### What to do
The lines from the top of the material through the line with "Media: A video" are to be set down exactly. Leave the pictures out.

### Given data
——

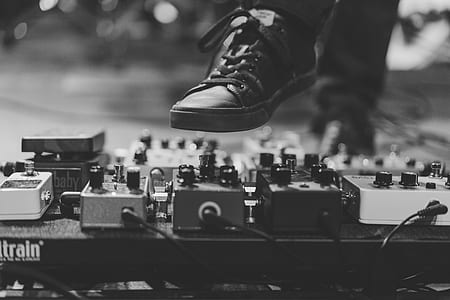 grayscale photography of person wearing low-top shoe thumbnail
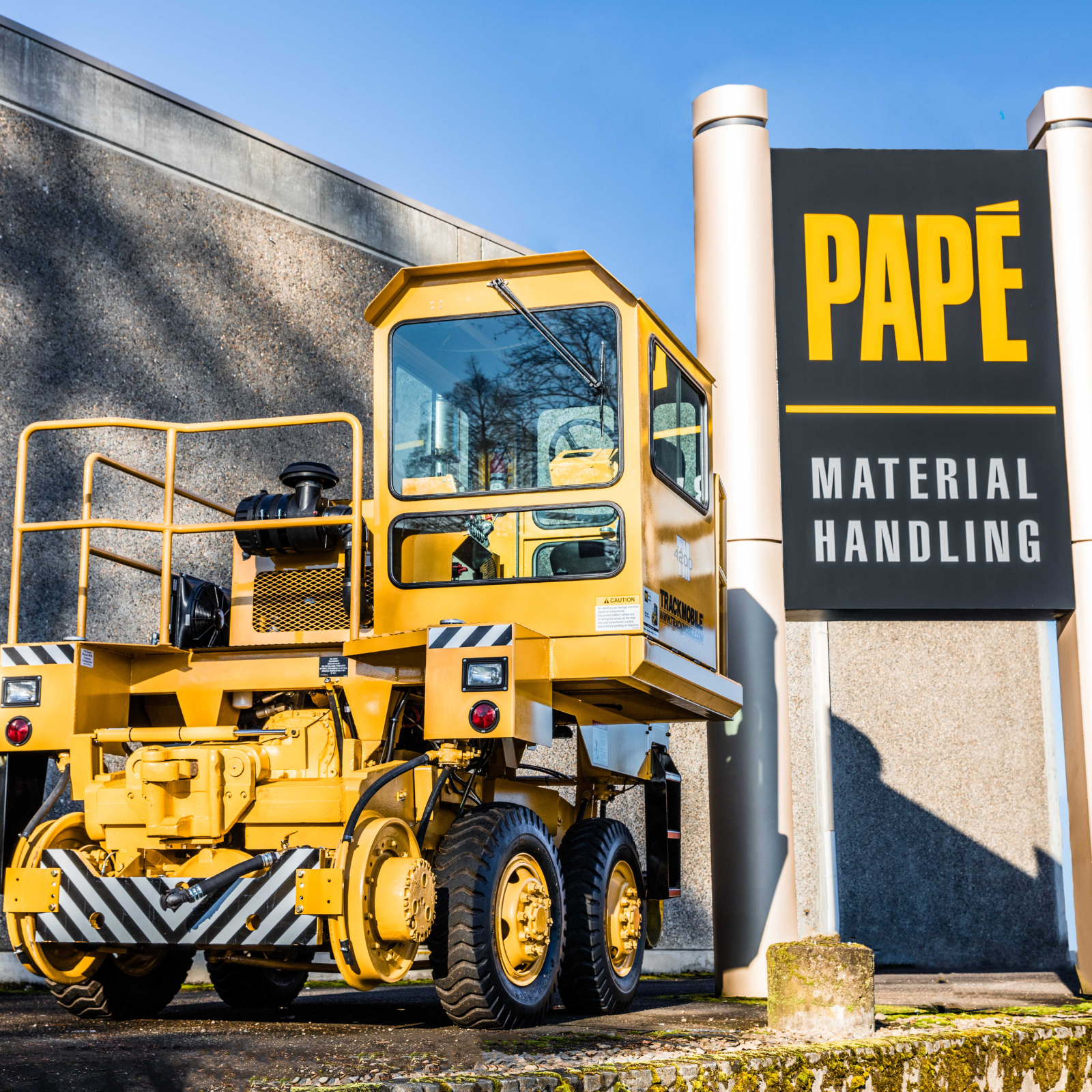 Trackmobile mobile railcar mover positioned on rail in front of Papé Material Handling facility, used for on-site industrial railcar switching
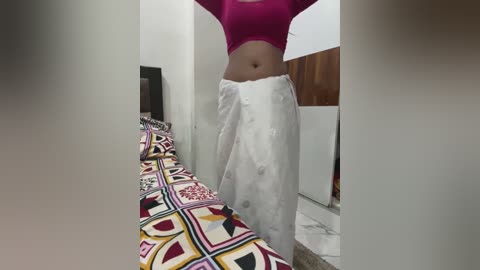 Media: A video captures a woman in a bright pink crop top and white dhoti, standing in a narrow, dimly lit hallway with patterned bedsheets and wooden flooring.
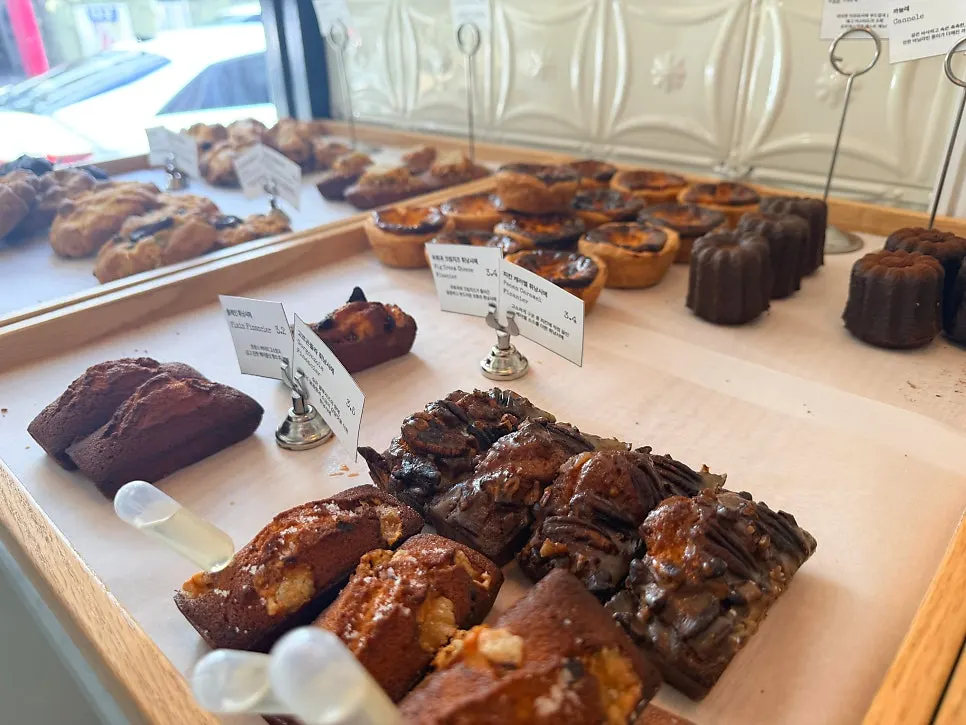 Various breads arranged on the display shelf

——

### Your solution
 grayscale photography of person wearing low-top shoe thumbnail
 Trackmobile mobile railcar mover positioned on rail in front of Papé Material Handling facility, used for on-site industrial railcar switching
 Media: A video captures a woman in a bright pink crop top and white dhoti, standing in a narrow, dimly lit hallway with patterned bedsheets and wooden flooring.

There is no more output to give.